## TRY IT
Copy every record exactly, and keep the pictures out.

════════════════════

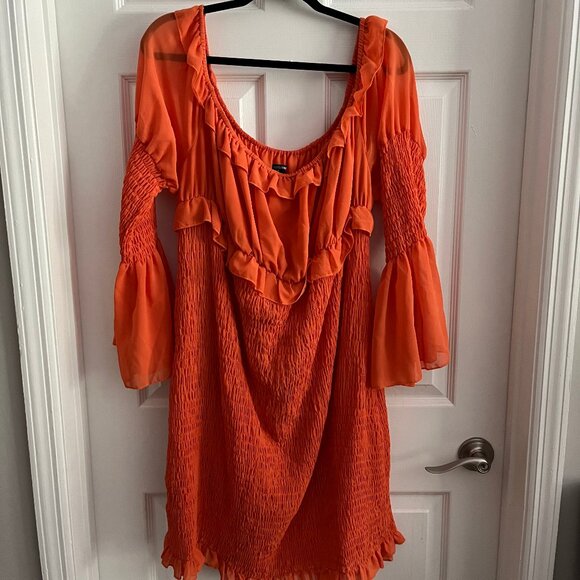 Plus Size Bright Orange Chiffon Shirred Bodycon Dress - Picture 2 of 6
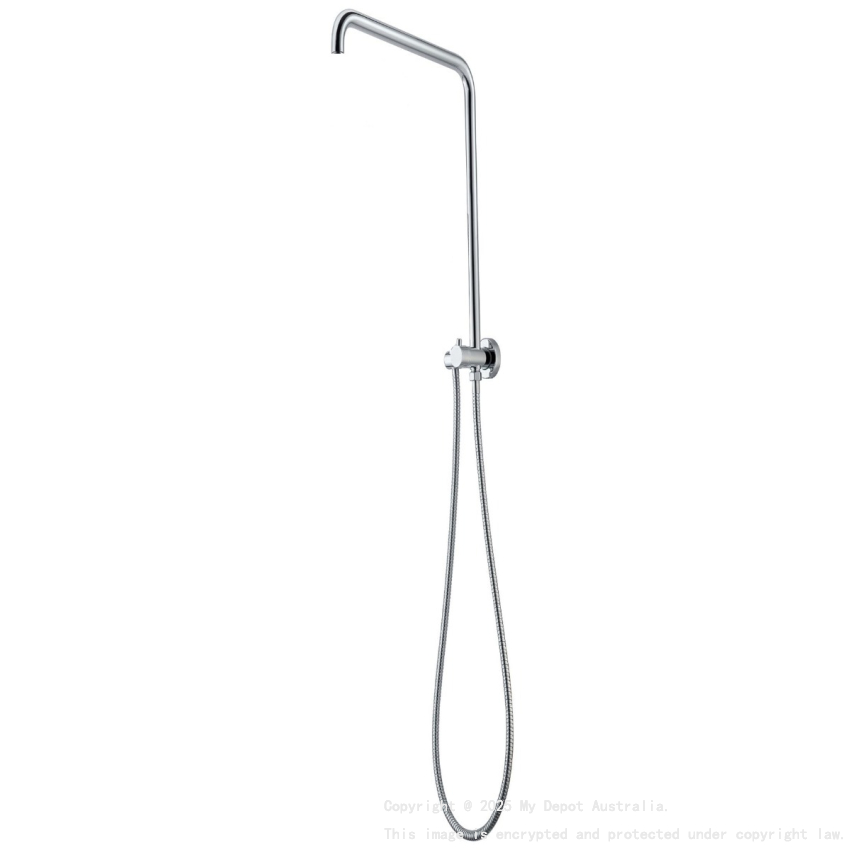 Round Chrome Shower Station without Shower Head and Handheld Shower(530mm Height)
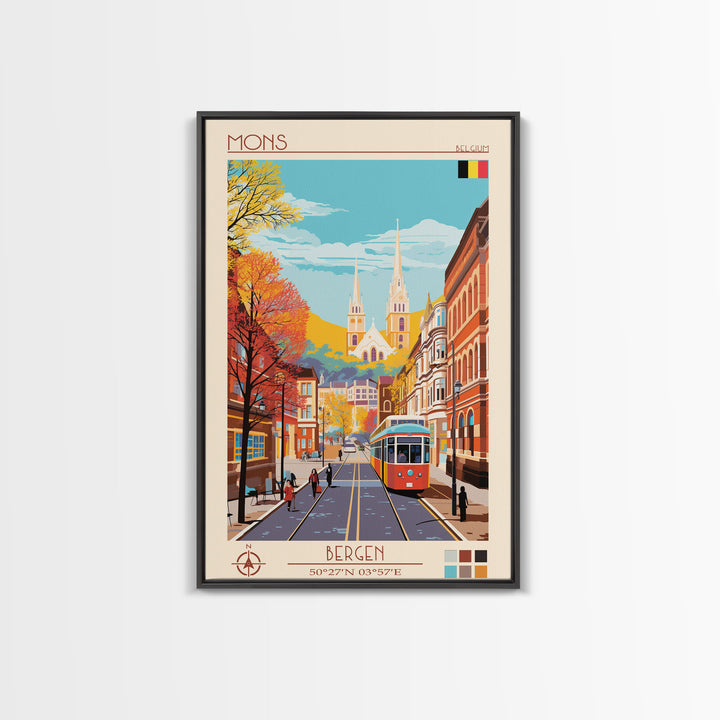 Mons Belgium Travel Poster Framed Canvas Print, Midcentury Modern Art, Pop Art Wall Decor, Home Decor, Vacation Gift, Office Art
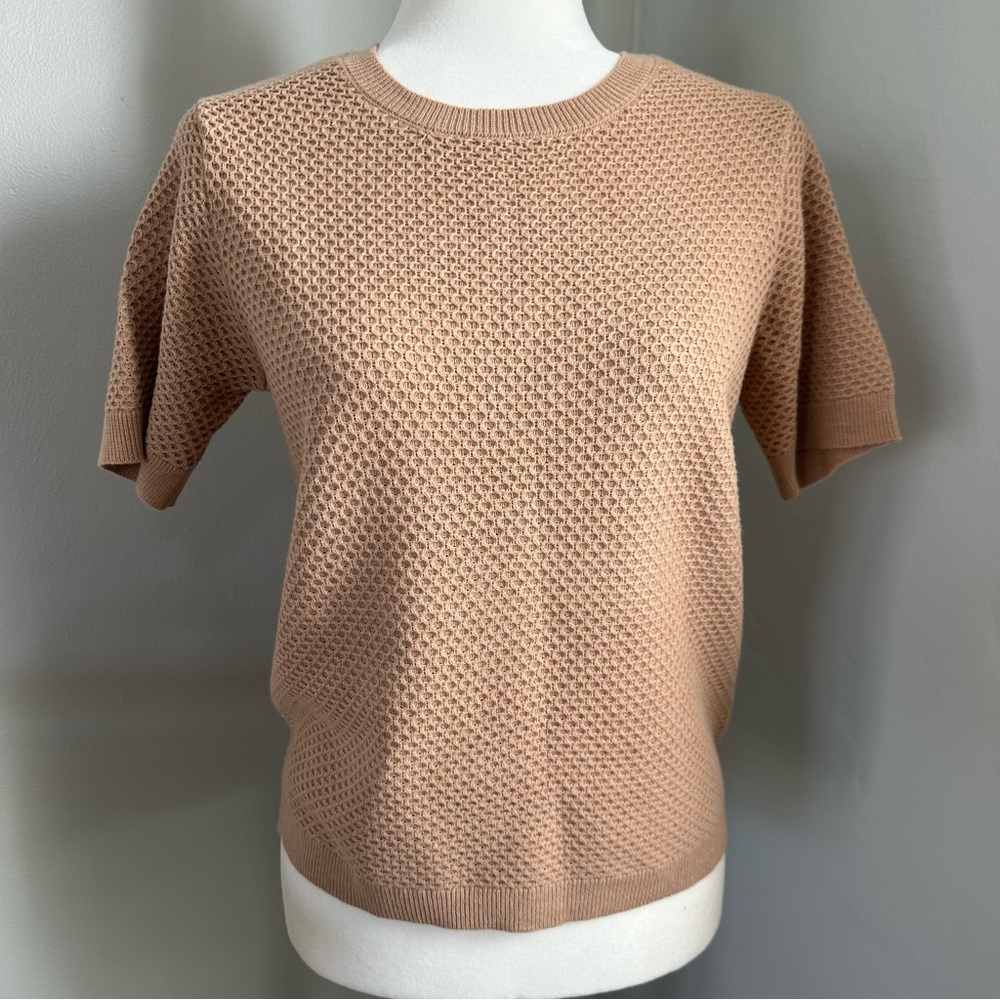 NEW! Nine West Women’s Sweater Blouse, Honeycomb Knit, Short Sleeves, Tan, Small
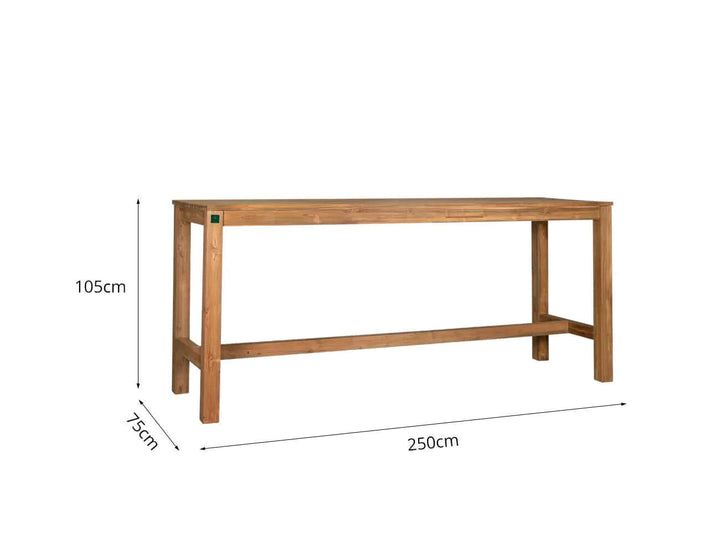 Teak Outdoor Long Bar Leaner Table 250 x 75 x 105cm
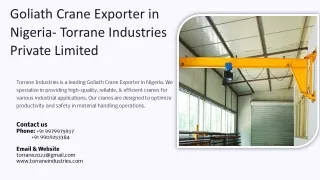 Goliath Crane Exporter in Nigeria, Best Goliath Crane Exporter in Nigeria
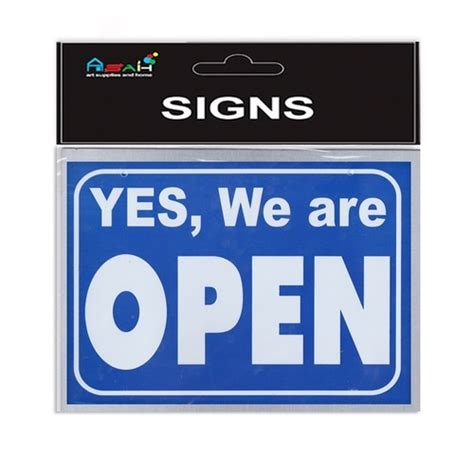 30cm Yes We Are Open Sorry We Are Closed Plastic Sign Bluewhite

════════════════════

## TASK OUTPUT
 Plus Size Bright Orange Chiffon Shirred Bodycon Dress - Picture 2 of 6
 Round Chrome Shower Station without Shower Head and Handheld Shower(530mm Height)
 Mons Belgium Travel Poster Framed Canvas Print, Midcentury Modern Art, Pop Art Wall Decor, Home Decor, Vacation Gift, Office Art
 NEW! Nine West Women’s Sweater Blouse, Honeycomb Knit, Short Sleeves, Tan, Small
 Teak Outdoor Long Bar Leaner Table 250 x 75 x 105cm
 Goliath Crane Exporter in Nigeria, Best Goliath Crane Exporter in Nigeria
 30cm Yes We Are Open Sorry We Are Closed Plastic Sign Bluewhite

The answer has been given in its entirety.